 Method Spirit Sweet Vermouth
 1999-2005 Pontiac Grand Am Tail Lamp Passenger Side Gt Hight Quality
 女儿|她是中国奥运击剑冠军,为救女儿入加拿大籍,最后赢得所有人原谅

________

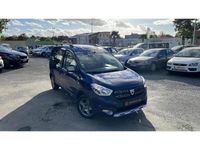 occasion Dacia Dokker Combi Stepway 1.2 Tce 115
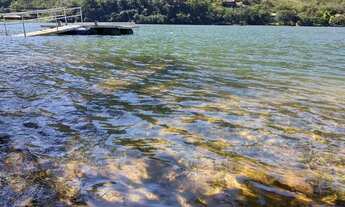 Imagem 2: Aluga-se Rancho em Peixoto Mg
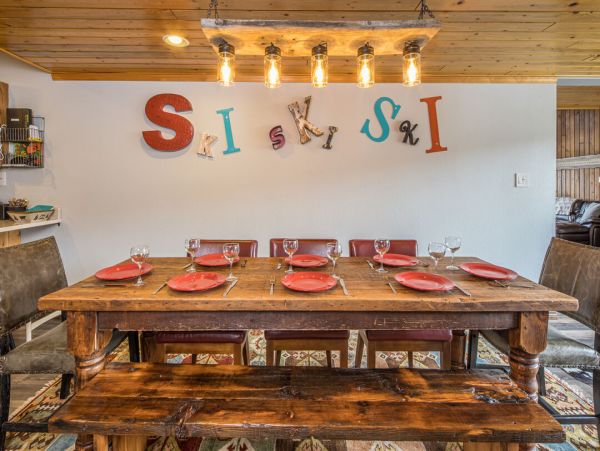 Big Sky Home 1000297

________

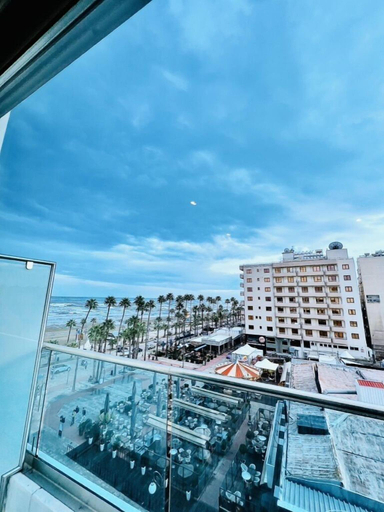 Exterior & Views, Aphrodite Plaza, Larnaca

________

WORK ITEM — Take exactly the lines from the one containing "1999-2005 Pontiac Grand" through the one containing "女儿|她是中国奥运击剑冠军,为救女儿入加拿大籍,最后赢得所有人原谅" in the data above, and output them with nothing added.

RESPONSE —
 1999-2005 Pontiac Grand Am Tail Lamp Passenger Side Gt Hight Quality
 女儿|她是中国奥运击剑冠军,为救女儿入加拿大籍,最后赢得所有人原谅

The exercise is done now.